By Sabrina Greene
Great white sharks, killer whales, sea lions, even polar bears—the ocean is full of giant predators. But one of the ocean’s worst enemies is not part of the natural habitat or food pyramid: trash.
Human pollution of the world’s oceans is a major threat to the countless species that call the Earth’s waters home. Angela Haseltine Pozzi of the Washed Ashore Project is using her combined expertise in education and art to raise awareness of this growing problem.
Pozzi’s traveling art exhibit, “Washed Ashore: Art to Save the Sea,” features 17 sculptures of marine wildlife—all bigger than life-size and made entirely of plastics she and her volunteers have found along the beaches of the West Coast. The exhibit is being featured at the Smithsonian’s National Zoo, along Olmstead Walk.
“The exhibit at the Zoo appears to be a wonderful success,” Pozzi says. “I have seen dozens of visitors stopping and looking closely, then entering into discussions and then really thinking about the marine debris issue. Besides raising awareness, one of our goals is for the public to start taking ownership of the problem and reevaluating their own plastic usage. We hope to spark positive changes in consumer habits. Every piece of plastic in our exhibit that we have picked up off the beaches, every single bit of it, was once purchased by somebody.”

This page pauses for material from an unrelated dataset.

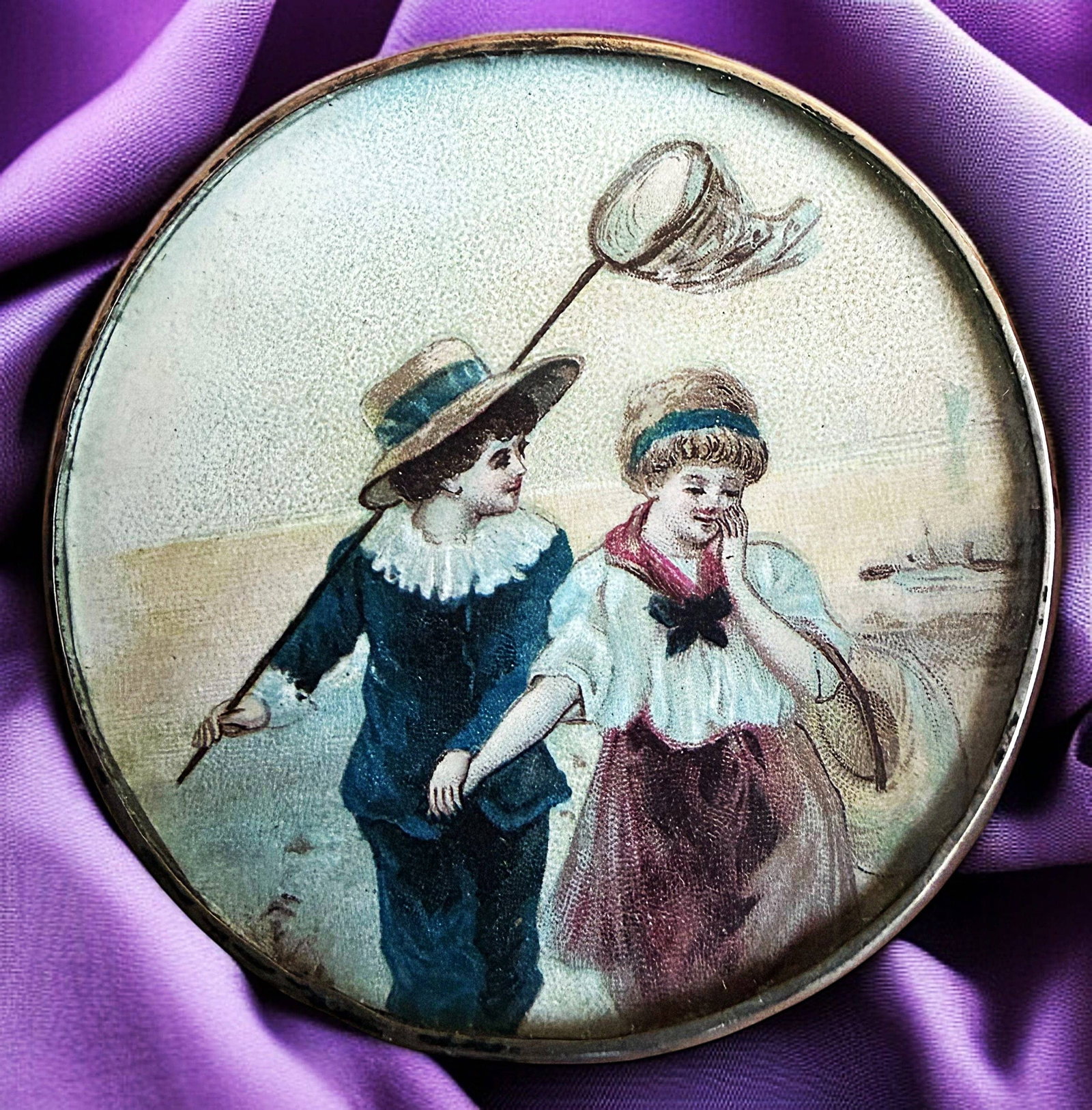A DIVISION ONE PICTORIAL UNDER GLASS BUTTON: 1 Extra Large late 19th early 20th C. hand painting of children. This is actually a transfer on paper under glass with beautiful hand coloring in plum and blue colorations. The depiction is of a boy a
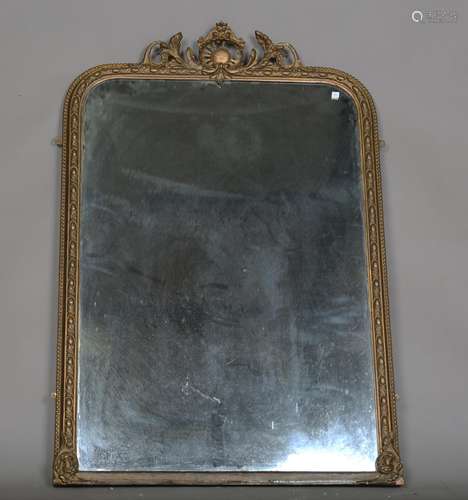 A 19th century gilt composition arched overmantel mirror wit...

Pozzi speaks highly of the Smithsonian. “The staff and the volunteers at the Zoo have been the best support system around one of our exhibits I’ve seen in the last 6 years,” she says.
Hagedorn of the Smithsonian Conservation Biology Institute has been working for 12 years to save coral reefs, which are some of the most delicate and important ecosystems in our oceans. “For me personally, the “Washed Ashore” exhibit really brought to light, in a beautiful way, just how disgusting all the garbage that pervades our oceans is,” Hagedorn says.

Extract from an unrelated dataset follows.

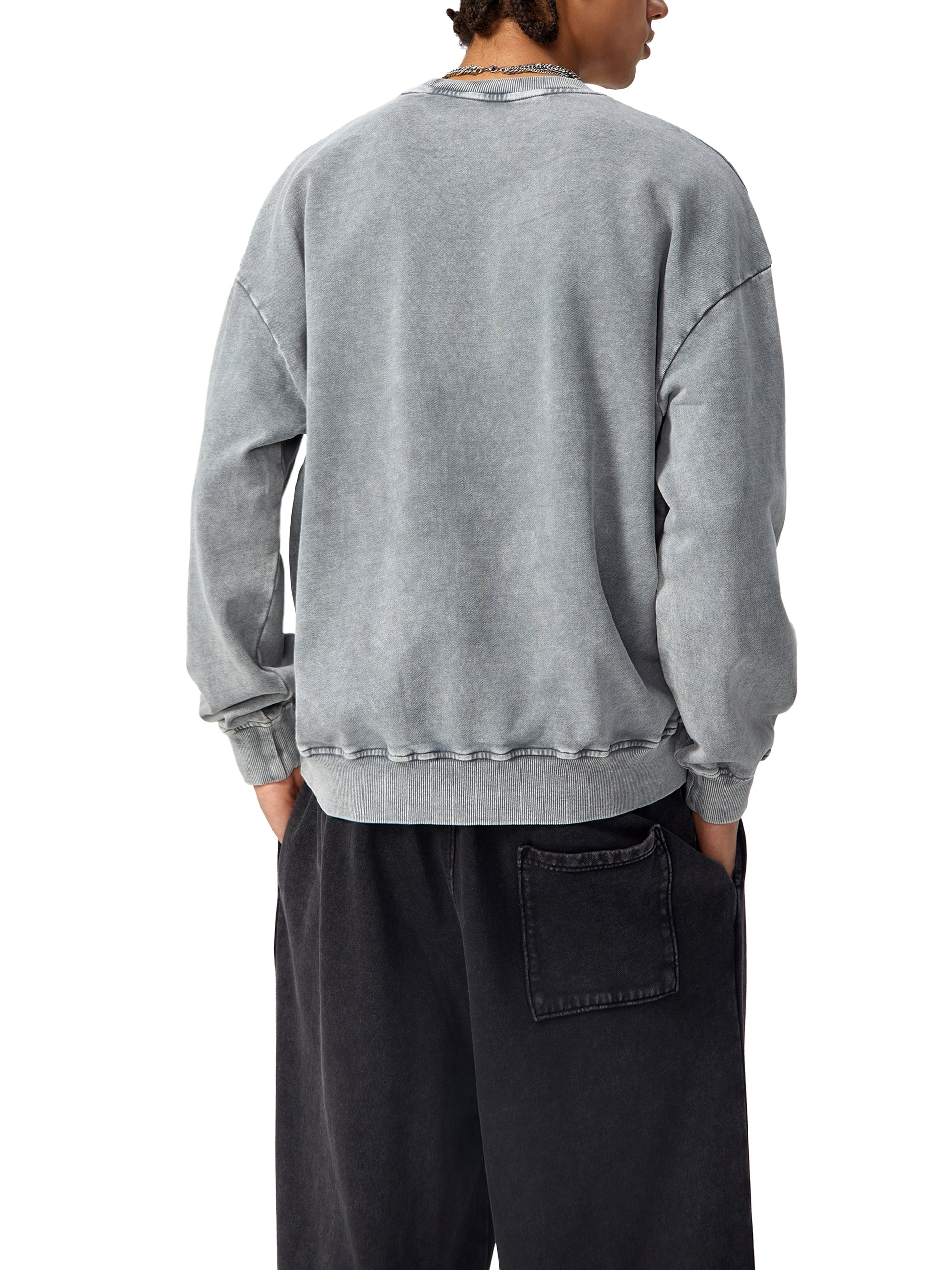 ODMPOD Snow Washed Oversized Sweatshirt shown in light fabric with a relaxed fit and casual style on a model.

The exhibit has helped bring attention to and spark conversation about the cause Hagedorn has dedicated her life to: helping to conserve our oceans’ marine life. “I think that the sculptures are really beautiful, and they connect with people’s emotions, especially kids.”

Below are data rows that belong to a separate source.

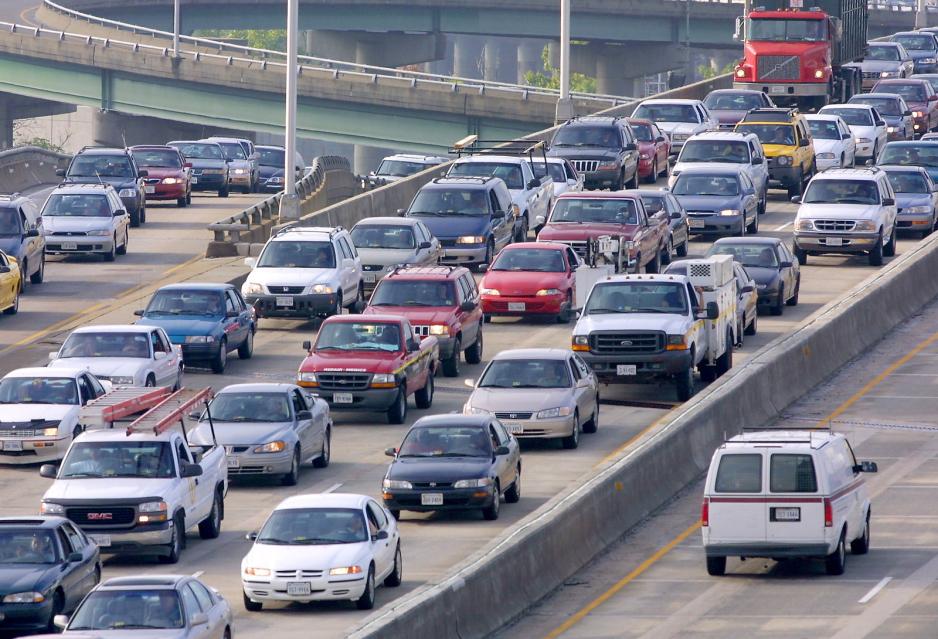 Photo of a congested freeway with several vehicle lanes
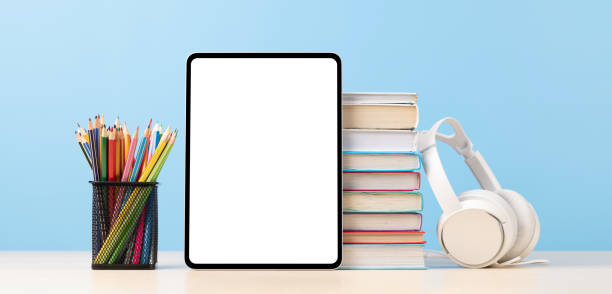 istock Tablet with colorful pencils and stack of books 1477376495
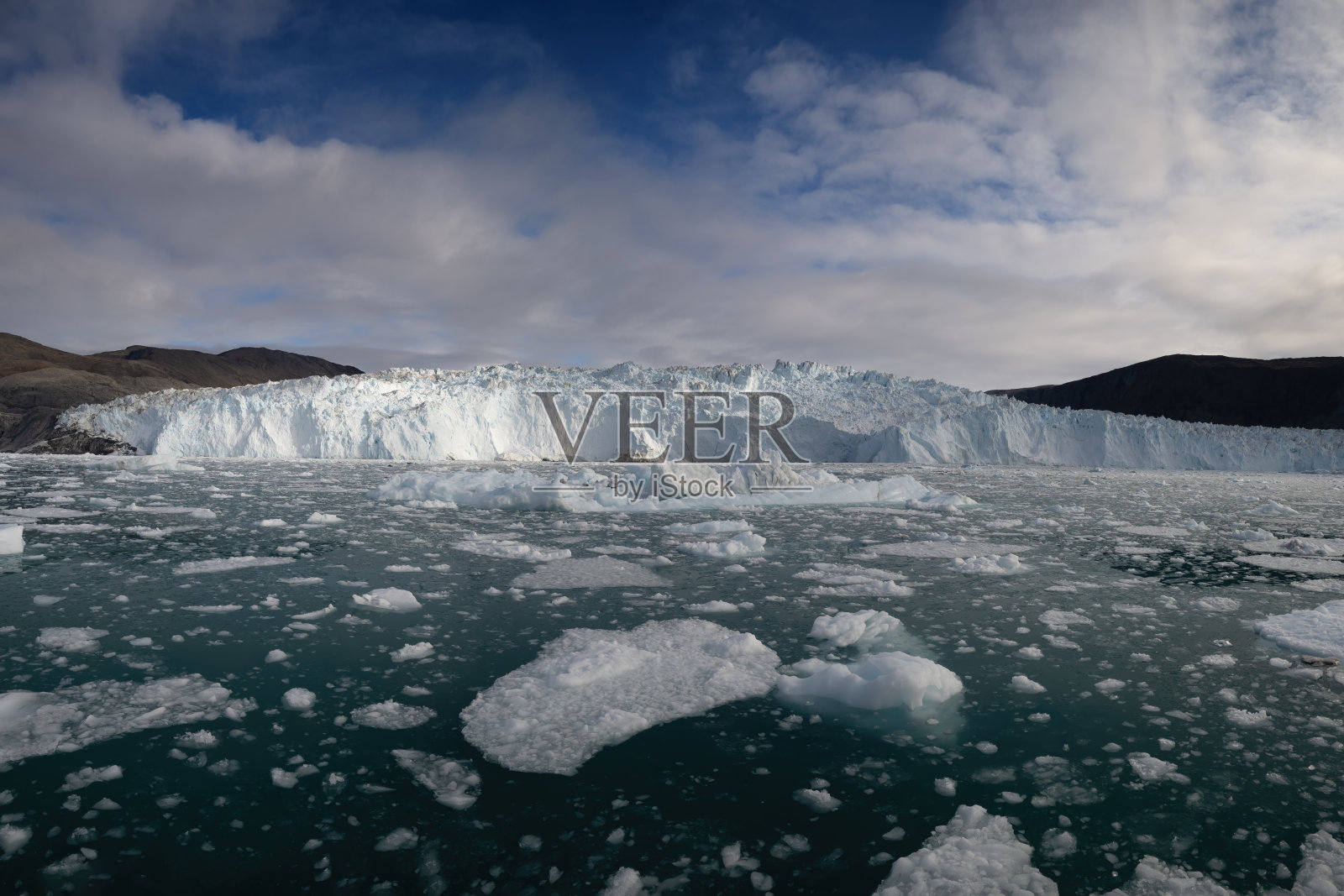 美丽的冰山景观和Eqi冰川的前壁,背景是戏剧性的天空,位于格林兰的伊卢利萨特地区。照片摄影图片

Not only do kids get the opportunity to learn about individual sea creatures, but they are also able to identify everyday objects that make up the sculpture, and they quickly realize that flip-flops and bottle caps don’t belong in the sea. The sculptures serve as a sort of “I Spy” or “Find-It” game, engaging the children visually. The marlins, sharks, fish, and whalebones are colorful conversation starters between parents and children, scientists and the public. The shark looks not so much like something to fear, but an animal worth saving.
“I want to use the power of the arts to bring it to people so that they will not ignore it. And they will want their picture taken next to it and they will talk about it. Then they’ll want to know more and we can educate them,” Pozzi says.
When asked what we can do to help save the ocean, Hagedorn doesn’t hesitate. “Obviously the exhibit is about plastic, so stop using and throwing out plastic bags. But more importantly, eating less meat each week really helps our oceans. Eating less meat on a weekly basis cuts down enormously on a person’s carbon footprint. This is due to the methane the animals produce and the inefficiencies in growing their food. Although pollution is an important issue for the oceans, climate change caused by our overuse of fossil fuels is changing our entire planet. Even though it is a global issue, by changing our personal patterns, we can effect global patterns enormously.”
“Washed Ashore: Art to Save the Sea” will run at the National Zoo through September 5, 2016. To see more of Washed Ashore, check out Pozzi’s “Turtle Ocean,” currently on display in Ocean Hall at the Smithsonian’s National Museum of Natural History.